Spatial localization data
■ ■ ■ ■
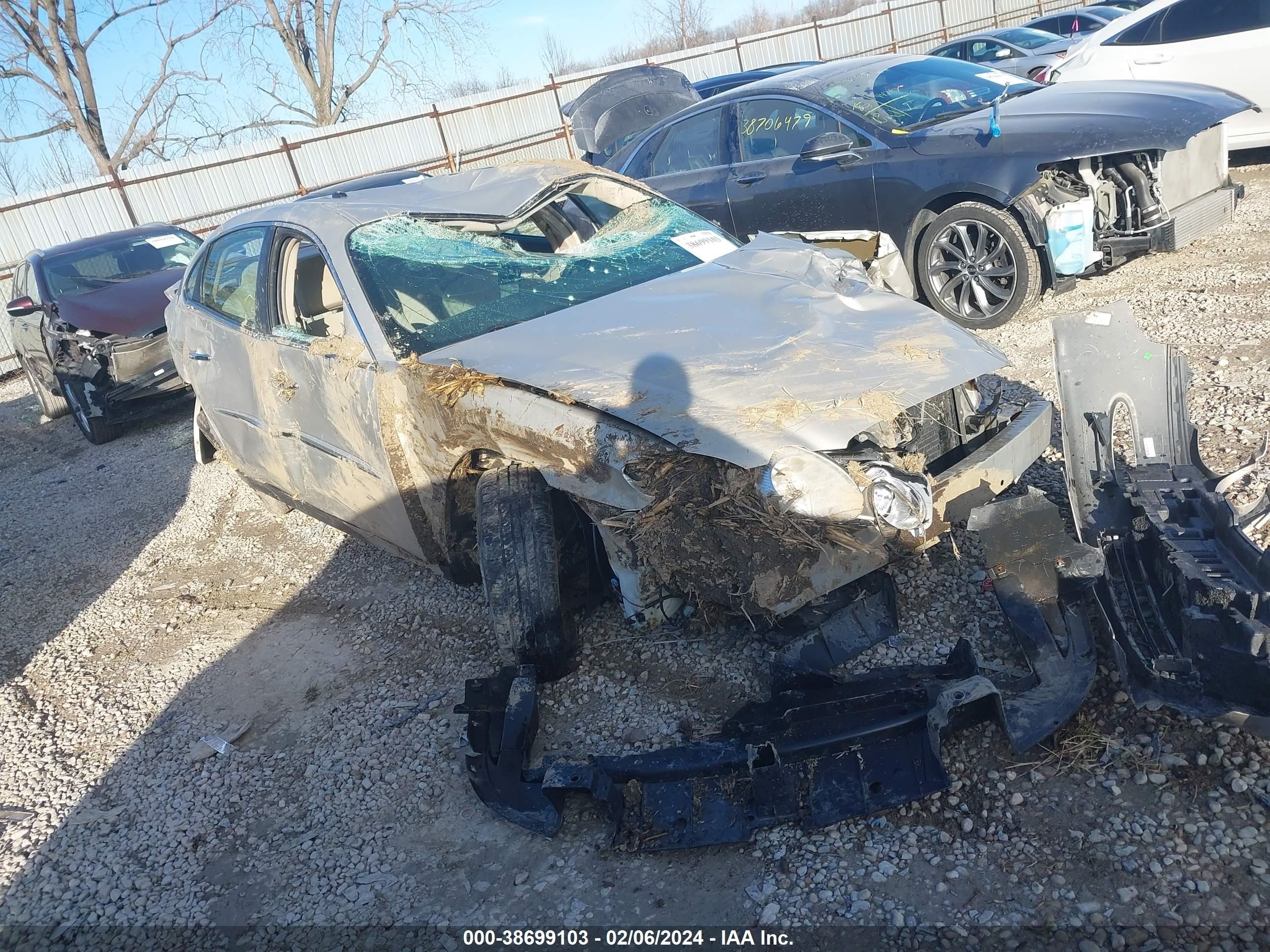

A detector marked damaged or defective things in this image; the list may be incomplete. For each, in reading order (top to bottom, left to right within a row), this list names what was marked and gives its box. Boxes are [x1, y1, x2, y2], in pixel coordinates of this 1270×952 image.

broken side mirror [801, 132, 860, 166]
shattered windshield [820, 59, 1033, 131]
crushed hood [907, 80, 1254, 159]
damaged black car [572, 58, 1246, 331]
broken side mirror [5, 296, 35, 319]
exposed front wheel [19, 355, 69, 422]
exposed front wheel [60, 378, 123, 445]
damaged black car [8, 226, 198, 445]
crushed hood [53, 268, 183, 339]
shattered windshield [42, 232, 200, 298]
shattered windshield [353, 195, 738, 359]
crushed hood [432, 232, 1006, 469]
exposed front wheel [919, 202, 1033, 331]
torn metal [1049, 302, 1270, 733]
exposed front wheel [473, 463, 580, 682]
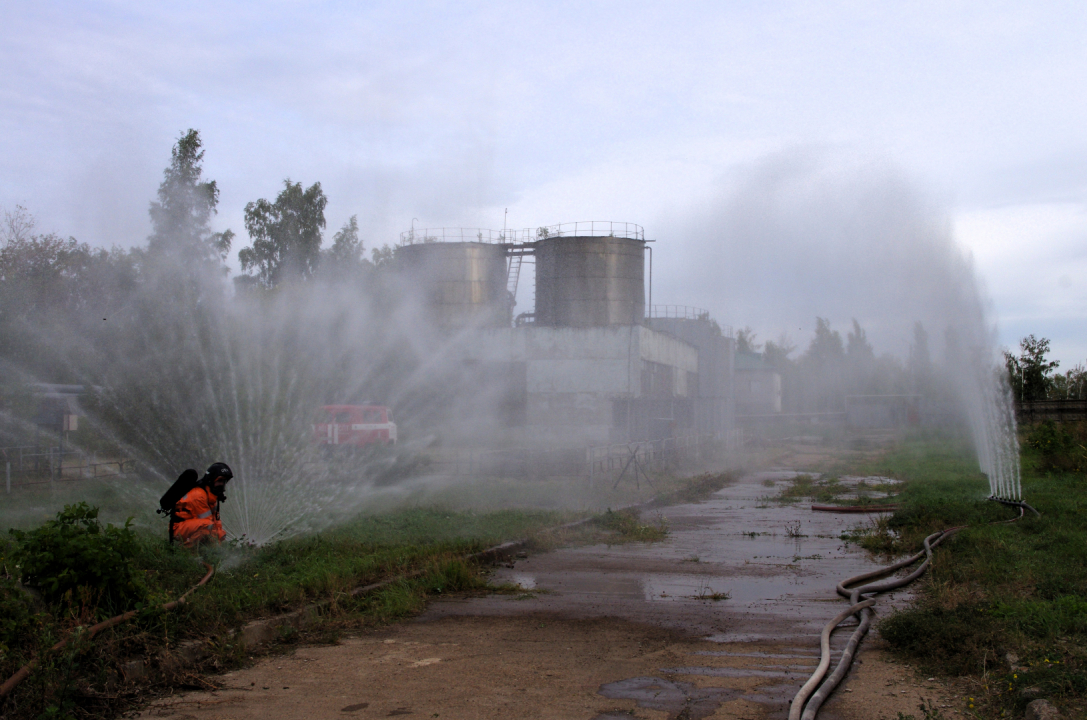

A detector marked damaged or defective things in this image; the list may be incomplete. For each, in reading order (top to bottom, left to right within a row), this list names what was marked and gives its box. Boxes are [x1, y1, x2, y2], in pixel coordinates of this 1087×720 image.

rusty metal tank [393, 243, 510, 330]
rusty metal tank [534, 236, 643, 328]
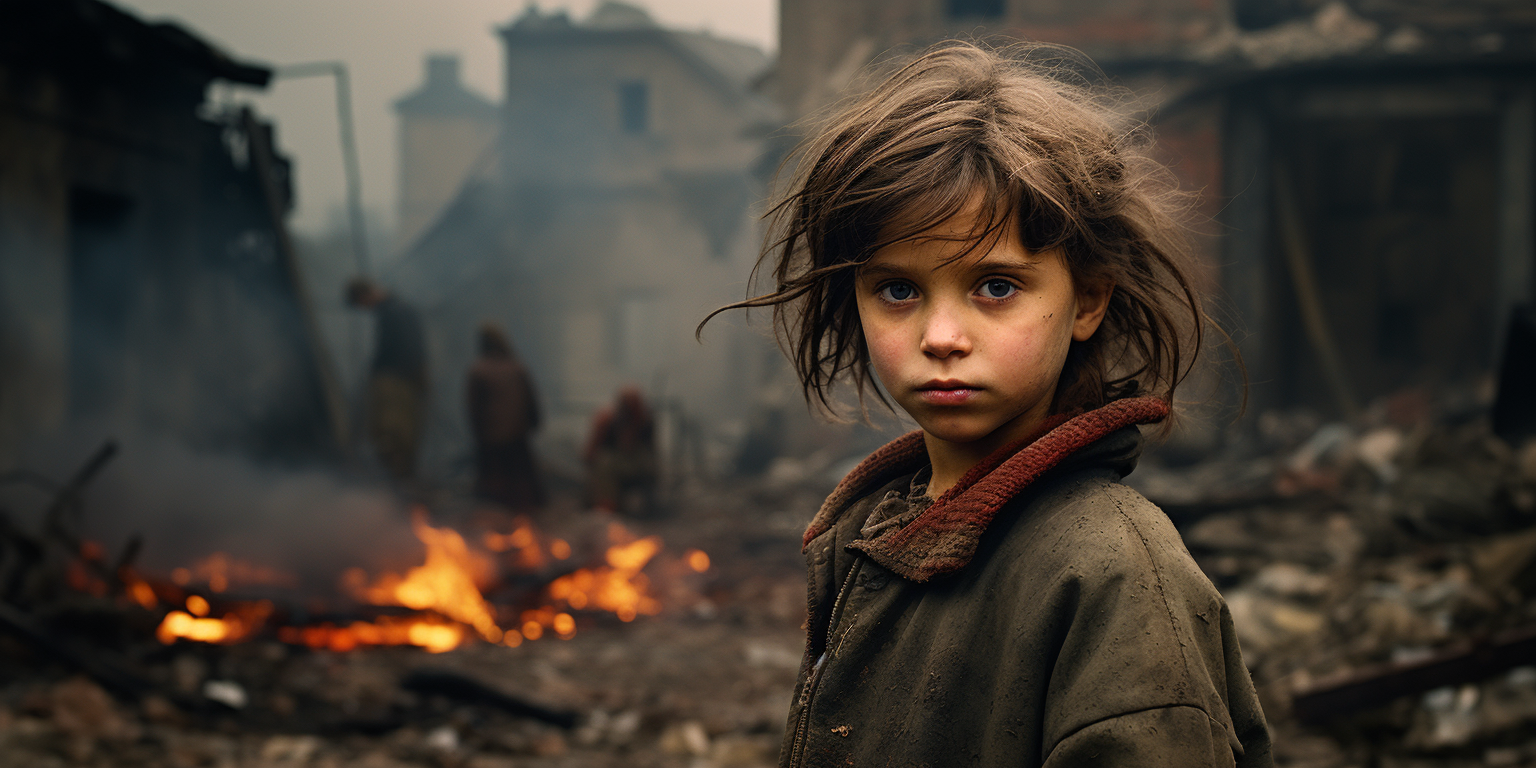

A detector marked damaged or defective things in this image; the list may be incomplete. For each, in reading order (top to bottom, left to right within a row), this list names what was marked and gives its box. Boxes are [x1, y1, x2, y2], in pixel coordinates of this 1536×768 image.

damaged building facade [0, 0, 342, 463]
damaged building facade [396, 0, 780, 463]
damaged building facade [780, 0, 1536, 420]
charred wood beam [399, 669, 577, 728]
charred wood beam [1296, 623, 1536, 724]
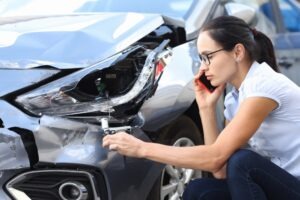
■ ■ ■ ■
◆ PROBLEM TO SOLVE
Leave the pictures out and return each entry exactly.

◆ TASK OUTPUT
A detector marked damaged or defective things in this image; the list may be incomplete. For each, in reading order (top to bottom, left to right within a row), this list names what was marked and gives its box. Boxes are [x1, y1, x2, y2], in pixel coordinates of this 1270×952 image.

broken side mirror [801, 132, 860, 166]
shattered windshield [820, 59, 1033, 131]
crushed hood [907, 80, 1254, 159]
damaged black car [572, 58, 1246, 331]
broken side mirror [5, 296, 35, 319]
exposed front wheel [19, 355, 69, 422]
exposed front wheel [60, 378, 123, 445]
damaged black car [8, 226, 198, 445]
crushed hood [53, 268, 183, 339]
shattered windshield [42, 232, 200, 298]
shattered windshield [353, 195, 738, 359]
crushed hood [432, 232, 1006, 469]
exposed front wheel [919, 202, 1033, 331]
torn metal [1049, 302, 1270, 733]
exposed front wheel [473, 463, 580, 682]

A detector marked damaged or defective things in this image; the list may be incomplete. For each, in reading order (top to bottom, left to right within a row), this list names what was marked and gives its box. Boxes are [x1, y1, x2, y2], in pixel coordinates of this 1087×720 image.

rusty metal tank [393, 243, 510, 330]
rusty metal tank [534, 236, 643, 328]

A detector marked damaged or defective things in this image; the list may be incomplete. For each, in reading order (top to bottom, left to right within a row), this list names what was marked and gives its box. Boxes are [x1, y1, x2, y2], in pixel coordinates of this 1536×768 image.

damaged building facade [0, 0, 342, 463]
damaged building facade [396, 0, 780, 463]
damaged building facade [780, 0, 1536, 420]
charred wood beam [399, 669, 577, 728]
charred wood beam [1296, 623, 1536, 724]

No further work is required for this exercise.